DR Failover and Recovery in a 2 Node Cluster

Important

A 2 node cluster will not fail over automatically.

With only two Unified nodes, with or without Web proxies, there is no High Availability. The database on the primary node is read/write, while the database on the secondary is read only.

Only redundancy is available.

  • If the primary node fails, a manual delete of the primary node on the secondary and a cluster provision will be needed.
  • If the secondary node fails, it needs to be replaced.

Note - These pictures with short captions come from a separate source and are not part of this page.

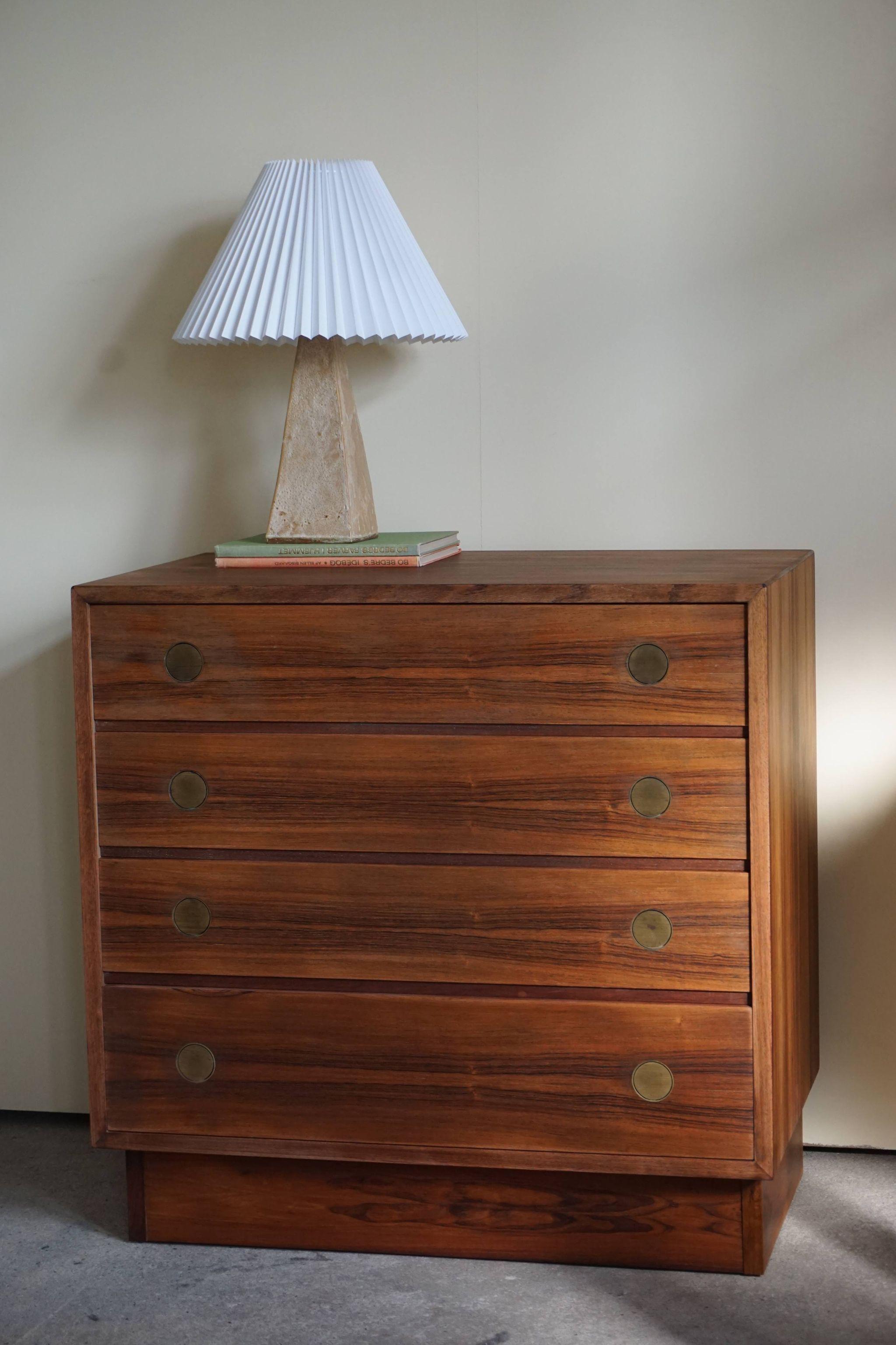 Mid Century Danish Rosewood Dresser with Brass Handles, by Dyrlund, 1960s 4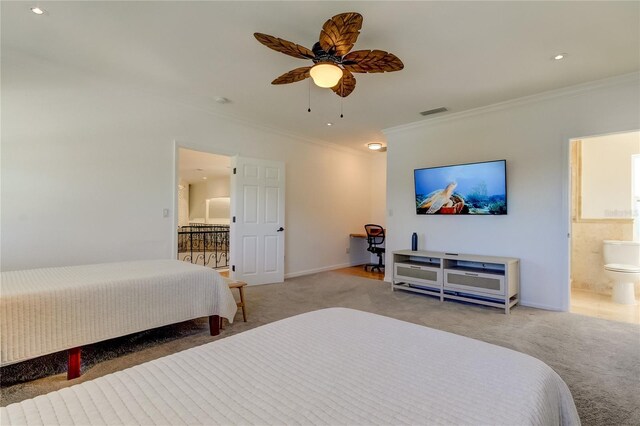 1089 Virginia St, Dunedin, FL 34698 - carpeted bedroom featuring ornamental molding, connected bathroom, baseboards, ceiling fan, and recessed lighting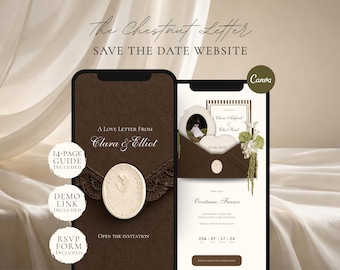 Brown and Ivory Save the Date Website Template | Digital Wedding Invitation with RSVP | Instant Download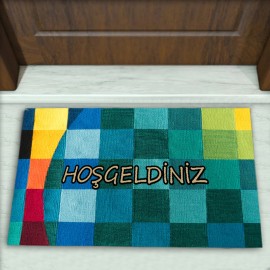 Geometrik Desenli Dekoratif Kapı Önü Paspası No: 1494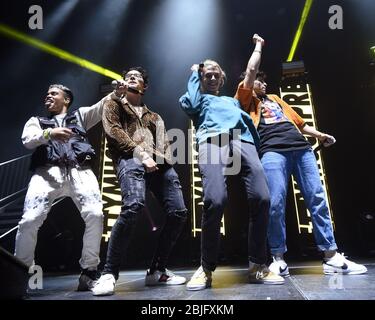 MAY 22: Edwin Honoret, Brandon Arreaga, Austin Porter, and Nick Mara of Prettymuch perform during The Roxy Tour at Infinite Energy Arena on May 22, 2018 in Duluth, Georgia. CREDIT: Chris McKay / MediaPunch Stock Photo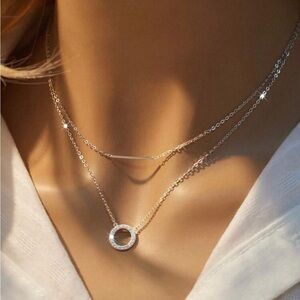 Sterling Silver 18k Silver Plated 1pc Circle & Bar Necklace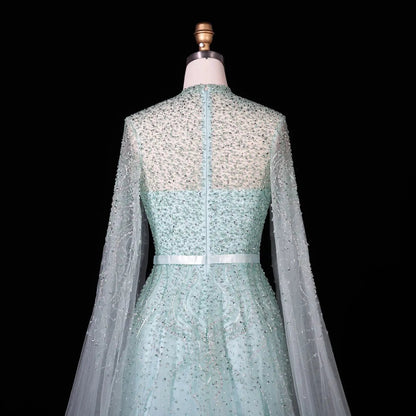 Luxury Blue High Neck Evening Dress with Cape Sleeves SS451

Scenario: Loss of Primary Node

  • The administrator deployed the 2-node cluster.

    $ cluster status
    
    Data Centre: jhb
                 application : AS01[172.29.42.100]
                               AS02[172.29.42.101]
    
                 webproxy :    AS01[172.29.42.100]
                               AS02[172.29.42.101]
    
                 database :    AS01[172.29.42.100]
                               AS02[172.29.42.101]
    

    Example database weights:

    $ database weight list
         172.29.42.100:
             weight: 20
         172.29.42.101:
             weight: 10
    
  • Node Failure: in the case where the primary node is lost on the Primary site:

    $ cluster status
    
    Data Centre: unknown
                 application : unknown_172.29.248.100[172.29.248.100] (not responding)
    
                 webproxy : unknown_172.29.248.100[172.29.248.100] (not responding)
    
                 database : unknown_172.29.248.100[172.29.248.100] (not responding)
    
    
    Data Centre: jhb
                 application : AS02[172.29.248.101]
    
                 webproxy : AS02[172.29.248.101]
    
                 database : AS02[172.29.248.101]
    

Recovery Steps

The primary node server is lost.

  1. It is decided to fail over to the secondary node:

    1. On the secondary node, remove the lost server from the cluster:

      cluster del 172.29.248.100

    2. On the secondary node, run cluster provision (it is recommended that this step is run in a terminal opened with the screen command).

      On the secondary node, check:

      $ cluster status
      
      Data Centre: jhb
                   application : AS02[172.29.248.101]
      
                   webproxy : AS02[172.29.248.101]
      
                   database : AS02[172.29.248.101]
      
  2. It is decided to recover the primary node:

    1. On the secondary node, remove the lost server from the cluster:

      cluster del 172.29.248.100

    2. On the secondary node, run cluster provision (it is recommended that this step is run in a terminal opened with the screen command).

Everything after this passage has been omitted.